I read in a magazine a while back of jeans that have built in butt pads. Does anyone know who makes them and how they look on?


----------



## phoenix461 (Oct 21, 2005)

Can't say that I have heard ones w/pads built in .. but welcome to MUT! I'm Rosie from NYC.


----------



## brittanyjade (Oct 21, 2005)

yes! newport news sells them and you can buy butt padded undies at fredericks of hollywood


----------



## romanta42005 (Oct 21, 2005)

Originally Posted by *brittanyjade* yes! newport news sells them and you can buy butt padded undies at fredericks of hollywood



Newport News does not have them available (maybe due to demand?). I've thought about the padded undies, but haven't tried them. Do you know if they look natural when worn under clothes?


----------



## brittanyjade (Oct 21, 2005)

I would imagine they do, unless you are wearing tight spandex type pants, ..i have too much butt do i have never tried them but maybe you can check their return policy?


----------



## romanta42005 (Oct 21, 2005)

Originally Posted by *Charmaine* Sorry romanta, I can't say that I've seen jeans that have those. But I've definitely seen pantyhose and girdles with built in pads. Anyway, just wanted to welcome you to MuT! I'm Charmaine from Massachusetts. Thanks for the warm welcome!
Ana


----------



## Amethyst (Oct 21, 2005)

I've heard of this....but you can buy similar jeans that are supposed to have an uplifting effect.

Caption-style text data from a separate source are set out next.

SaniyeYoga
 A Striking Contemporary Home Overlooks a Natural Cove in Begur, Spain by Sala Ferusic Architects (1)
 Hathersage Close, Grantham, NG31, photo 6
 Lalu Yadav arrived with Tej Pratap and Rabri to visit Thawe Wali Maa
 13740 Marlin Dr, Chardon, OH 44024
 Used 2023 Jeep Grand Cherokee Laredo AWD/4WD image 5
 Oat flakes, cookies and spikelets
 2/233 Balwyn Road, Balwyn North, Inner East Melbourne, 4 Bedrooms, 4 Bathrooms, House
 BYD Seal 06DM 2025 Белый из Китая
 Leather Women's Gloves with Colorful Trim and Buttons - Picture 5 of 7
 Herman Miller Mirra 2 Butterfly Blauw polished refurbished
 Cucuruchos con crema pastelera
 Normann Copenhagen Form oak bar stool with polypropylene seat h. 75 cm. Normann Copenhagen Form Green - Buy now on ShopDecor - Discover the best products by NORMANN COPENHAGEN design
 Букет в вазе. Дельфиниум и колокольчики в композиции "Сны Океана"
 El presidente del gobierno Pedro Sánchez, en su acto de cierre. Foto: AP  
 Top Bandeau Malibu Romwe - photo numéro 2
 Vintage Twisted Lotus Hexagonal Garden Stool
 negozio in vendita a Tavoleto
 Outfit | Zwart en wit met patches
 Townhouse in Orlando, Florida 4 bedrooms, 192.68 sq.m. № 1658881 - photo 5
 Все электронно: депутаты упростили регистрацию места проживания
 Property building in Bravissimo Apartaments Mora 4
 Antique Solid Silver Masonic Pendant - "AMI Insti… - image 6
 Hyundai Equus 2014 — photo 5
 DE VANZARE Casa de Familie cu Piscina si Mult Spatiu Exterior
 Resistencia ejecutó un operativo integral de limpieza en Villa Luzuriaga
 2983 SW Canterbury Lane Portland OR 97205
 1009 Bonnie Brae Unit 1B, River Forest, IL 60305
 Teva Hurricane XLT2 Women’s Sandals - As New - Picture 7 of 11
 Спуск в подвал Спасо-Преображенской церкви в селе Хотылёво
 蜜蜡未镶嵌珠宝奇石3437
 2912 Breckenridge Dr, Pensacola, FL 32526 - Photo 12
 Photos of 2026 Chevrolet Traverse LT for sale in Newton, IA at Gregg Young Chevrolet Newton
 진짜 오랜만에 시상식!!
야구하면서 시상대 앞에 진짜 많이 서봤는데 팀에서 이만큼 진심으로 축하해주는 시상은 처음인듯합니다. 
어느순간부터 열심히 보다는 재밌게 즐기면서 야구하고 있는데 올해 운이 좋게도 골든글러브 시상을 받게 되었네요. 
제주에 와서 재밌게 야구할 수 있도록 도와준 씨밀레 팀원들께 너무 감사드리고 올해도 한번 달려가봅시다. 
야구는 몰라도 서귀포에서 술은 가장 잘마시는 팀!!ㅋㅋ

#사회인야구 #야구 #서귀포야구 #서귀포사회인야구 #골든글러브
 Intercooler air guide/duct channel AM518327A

Both Newport News catalog and Victoria's Secret have jeans on their line that are supposed to lift the butt. I haven't tried them so I can't say they live up to their claim. But you could always try them and return them if you want. The bad thing is losing the S&amp;H money.


----------



## TheOpenRoad (Nov 9, 2005)

I have also heard of the jeans with the pads in them. It is amazing how generally people with larger bottoms were trying to make them look smaller for years but now it is "in style" to have some "junk in the trunk"...haha.


----------



## babykisses (Nov 12, 2005)

Originally Posted by *romanta42005* I read in a magazine a while back of jeans that have built in butt pads. Does anyone know who makes them and how they look on? LOL...I think this is ridiculous. Who in there right mind would wear butt pads?


----------



## eightthirty (Nov 12, 2005)

Originally Posted by *babykisses* LOL...I think this is ridiculous. Who in there right mind would wear butt pads? People w/out butts!! 
My suggestion...custom tailored jeans. Target. $36.


----------



## cottoncandy (Nov 13, 2005)

never heard of them, and i cant imagine they would look very natural or good for that matter.


----------



## anne7 (Nov 13, 2005)

Yes! I remember they showed a pair of them on VH1 during one of their shows that was talking about big butts.



The brand was Miss Sixty, I believe.


----------



## katrosier (Nov 13, 2005)

that's one cosmetic /beauty contraption thingy that I actually dont need yaaaaaaaay! lol


----------